Para Álvaro Correia, a riqueza dos textos de Edward Albee reside não apenas nas questões políticas que aborda, como nas que aqui se levantam: “Quem sou, como me exerço e depois também a questão da morte, como nós lidamos com a morte”, um tema com que “a nossa sociedade não sabe lidar”.
Uma das novidades neste texto do Albee, na altura, reside no facto de, com frequência, as personagens interpelarem os espectadores, não para que estes decidam o que quer que seja, mas para que sejam “coenvolvidos” na ação, “criarem uma cumplicidade, quase como se fossem uma nona personagem”.
Ajudar Jo a morrer, a fazer “essa passagem” e, sobretudo, confrontar Sam com aquilo que é a morte e aquilo que são os direitos, é o propósito de Elizabeth, a senhora de Dubuque, nome de uma cidade norte-americana na fronteira entre três estados, uma personagem que, nas palavras de Álvaro Correia, remete para a deusa grega Hécate, tal como Oscar remete para Hades, denunciando a importância que a tragédia grega assume na escrita do autor de “Zoo story”.

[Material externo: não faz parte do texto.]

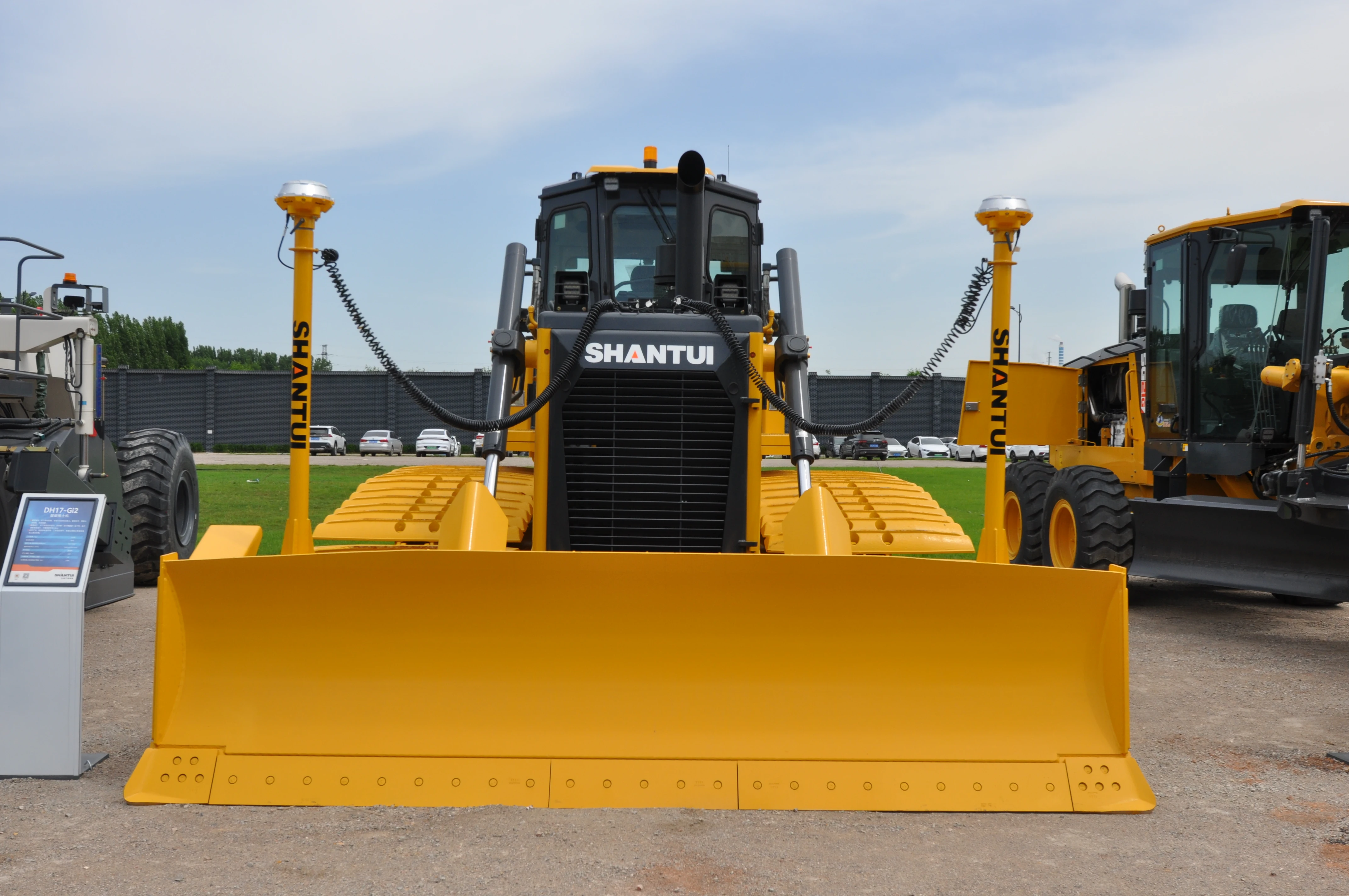 SHANTUI 170HP DH17 automatic leveling model  Crawler Bulldozer Hydrostatic Travel Drive Bulldozer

“A senhora de Dubuque” é uma coprodução do Teatro da Trindade INATEL com a Cultuproject, vai estar em cena até 21 de abril, na sala Carmen Dolores, com récitas de quarta-feira a sábado, às 21:00, e, ao domingo, às 16:30.
Com tradução de João Paulo Esteves da Silva, o espectáculo tem cenografia de Nuno Carinhas e desenho de luz de Manuel Abrantes. Na assistência de encenação está Bruno Soares Nogueira.
Na véspera da estreia, haverá um ensaio solidário, com a receita da bilheteira a reverter, na totalidade, para a instituição Mansarda. No dia 17 de março, no final da sessão, haverá um conversa com o público.